My answer is somewhat longwinded, since I am compelled to correct the
misconceptions of the author quoted.  If you have other things on your
plate right now, you might want to save this for later.

        Dear Dr. Patt,
        I had a question about Pipelining,
        a topic you recently taught in 360N. I
        was browsing through some material about RISC and CISC
        processors when I noticed the following:

        " Even though RISC instructions can be nearly as complex as a CISC
        instruction, they suffer no loss in speed because each RISC instruction
        takes an equal number of clock cycles and hence can be pipelined. This
        results in RISC instructions being executed in parallelized fashion.
        On the other hand, CISC instructions are usually never pipelined
        because each instruction requires different execution times."

        Could you please explain the above?
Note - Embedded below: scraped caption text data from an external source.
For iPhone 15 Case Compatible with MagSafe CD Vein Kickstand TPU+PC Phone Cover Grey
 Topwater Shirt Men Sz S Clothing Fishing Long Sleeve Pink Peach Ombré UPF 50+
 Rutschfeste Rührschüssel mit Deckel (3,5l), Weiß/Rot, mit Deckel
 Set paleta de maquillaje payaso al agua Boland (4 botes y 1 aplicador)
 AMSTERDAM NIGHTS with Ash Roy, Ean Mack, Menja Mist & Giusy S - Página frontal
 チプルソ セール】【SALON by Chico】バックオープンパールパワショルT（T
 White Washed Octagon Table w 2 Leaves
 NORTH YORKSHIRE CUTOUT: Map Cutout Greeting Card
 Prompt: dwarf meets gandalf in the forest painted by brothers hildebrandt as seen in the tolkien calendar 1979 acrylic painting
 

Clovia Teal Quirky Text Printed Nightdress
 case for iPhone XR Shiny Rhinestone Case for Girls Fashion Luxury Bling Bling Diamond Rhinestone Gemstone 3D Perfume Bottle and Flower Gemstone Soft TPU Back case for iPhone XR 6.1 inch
How does instructions taking
        equal/different execution time affect pipelining? Did I miss something
        important in the class on pipelining?

        Thanks in advance for your reply,

        <<name withheld to protect the RISC/CISC browser>>

Thank you for the message.  You don't say what you were browsing
through, so it is hard to know where the author of this quote was
coming from.  A larger problem in this day of self-appointed experts
posting their thoughts on the web is that the unsuspecting reader does
not know whether the poster has any clue whatsoever.  If it came from
a popular textbook, it is more problematical.

Be that as it may, I continue:

First, what is a RISC instruction and what is a CISC instruction is not
so clear cut.  There are a number of attributes usually associated with
RISC, but how many attributes are necessary before the instruction qualifies
as RISC.  The group that coined the term RISC insisted the instructions
be simple, and each took one cycle of execution time.  This was later
disavowed by those that felt it meant exposing the lowest level of control
to the compiler.  Next, it was supposed to mean instructions that can be
executed via a short pipeline.  And so on.  If 360N was a two-semester
course, I would spend a lecture on the RISC/CISC discussion.  I will
probably do so in 382N in the Spring and you are welcome to come and
listen, if you are not taking the course.

RISC instructions all take an equal number of cycles.  FALSE.  Simplest
example was the Alpha ISA.  Even the first implementation (1991) had some
instructions taking 7 cycles, floating point instructions took 11 cycles, etc.

CISC instructions are usually never pipelined.  FALSE.  The most common
"CISC" ISA today (the x86) is heavily pipelined.  In fact, all implementations
these days are pipelined.

You ask how equal/different execution times affect pipelining.  The author
who you quote apparently does not understand out-of-order execution.  In the
days when every implementation was an in-order execution machine, one would
like the instructions to flow through the pipeline uniformly.  If an
instruction took too many stages, some thought it would clog up the pipeline
and prevent following instructions from flowing nicely.  But they were wrong.

Even the first Alpha chip which processed instructions in-order had varying
length instructions.  It handled it by having the first four stages in common,
followed by a quatrification (my own invention!), where the instruction
went to one of four places, depending on the nature of the instruction.
From each of the four places, four separate pipelines continued.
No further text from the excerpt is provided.